Vera Cruz
- Full name: Vera Cruz Futebol Clube
- Nickname(s): Tricolor do Povo Galo das Tabocas Galo do Maués Galo da Zona da Mata
- Founded: 3 February 1960; 65 years ago
- Ground: Carneirão, Vitória de Santo Antão, Pernambuco state, Brazil
- Capacity: 8,000
| Home colours | Away colours |

= Vera Cruz Futebol Clube =

Vera Cruz Futebol Clube, commonly known as Vera Cruz, is a Brazilian football club based in Vitória de Santo Antão, Pernambuco state.

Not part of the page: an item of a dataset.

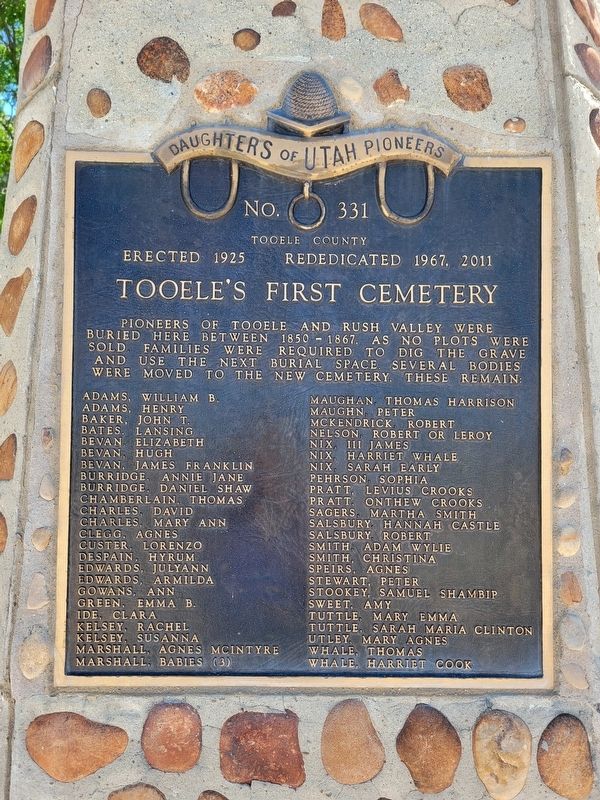 Tooele's First Cemetery Marker image. Click for full size.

They competed in the Série C once.

==History==
The club was founded on 3 February 1960. Vera Cruz won the Campeonato Pernambucano Third Level in 2002, and the Campeonato Pernambucano Second Level in 2006 and in 2009. They competed in the Série C in 2007, when they were eliminated in the First Stage of the competition.

==Honours==
- Campeonato Pernambucano Série A2
  - Winners (4): 2006, 2009, 2014, 2020
- Campeonato Pernambucano Série A3
  - Winners (1): 2002

==Stadium==
Vera Cruz Futebol Clube play their home games at Estádio Municipal Severino Cândido Carneiro, nicknamed Carneirão. The stadium has a maximum capacity of 8,000 people.